● Problem to solve: Return an exact copy of the lines from the one holding "Building Photo - 2306 St Albens Pl" to the end of the data, including both the starting and final lines. Leave the pictures out.

● Dataset content:
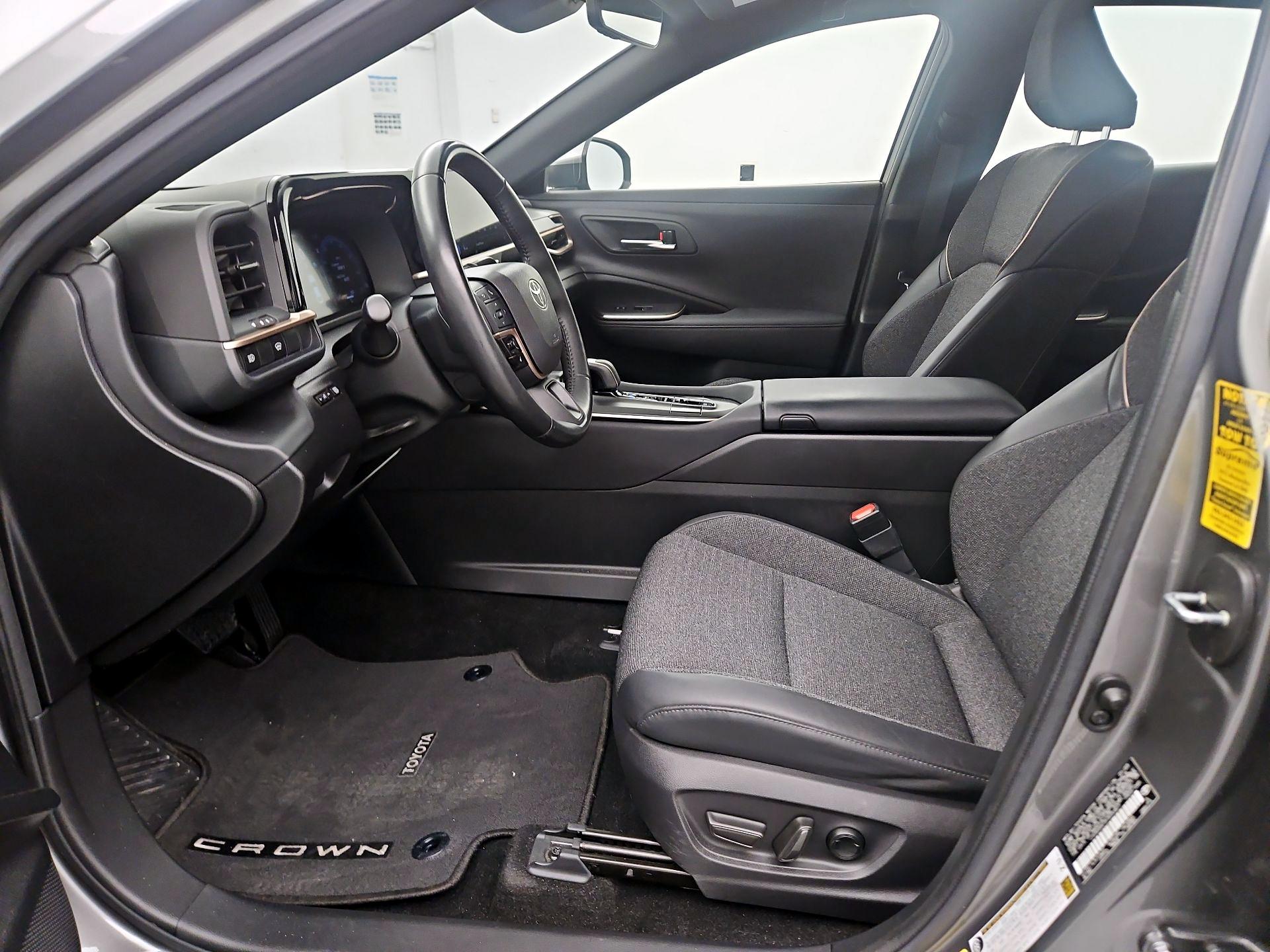 Thumbnail: 2023 Toyota Crown - 11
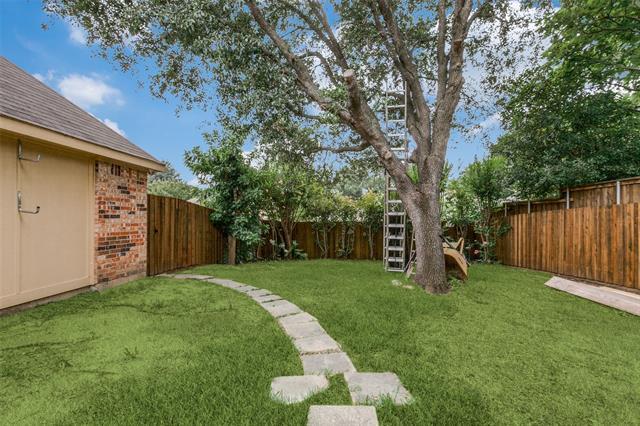 Building Photo - 2306 St Albens Pl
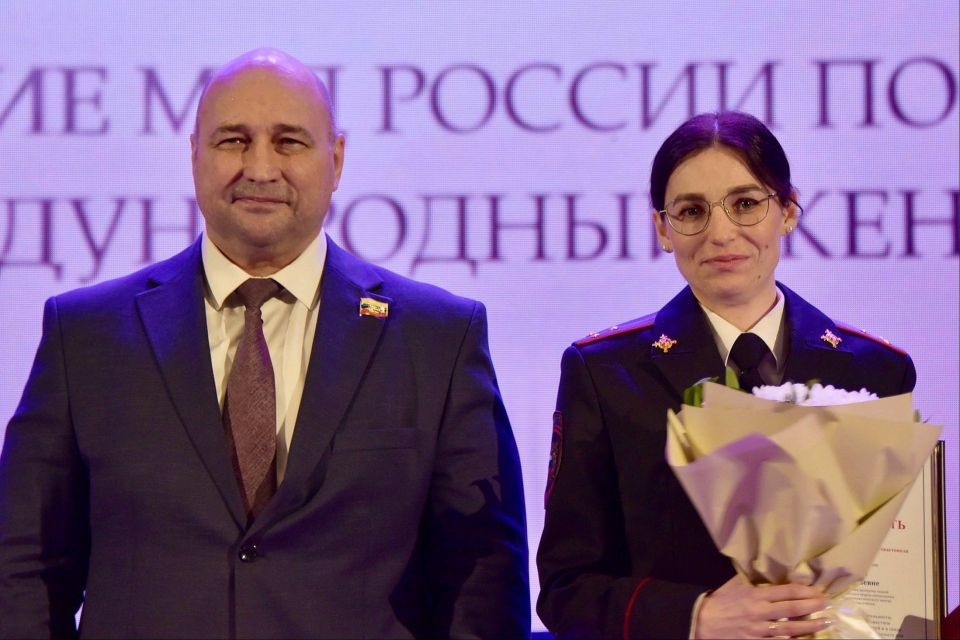 Владимир Немцев: Сегодня мы отмечаем 8 Марта — праздник, посвящённый вам, дорогие женщины Владимир Немцев: Сегодня мы отмечаем 8 Марта — праздник, посвящённый вам, дорогие женщины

● The answer:
 Building Photo - 2306 St Albens Pl
 Владимир Немцев: Сегодня мы отмечаем 8 Марта — праздник, посвящённый вам, дорогие женщины Владимир Немцев: Сегодня мы отмечаем 8 Марта — праздник, посвящённый вам, дорогие женщины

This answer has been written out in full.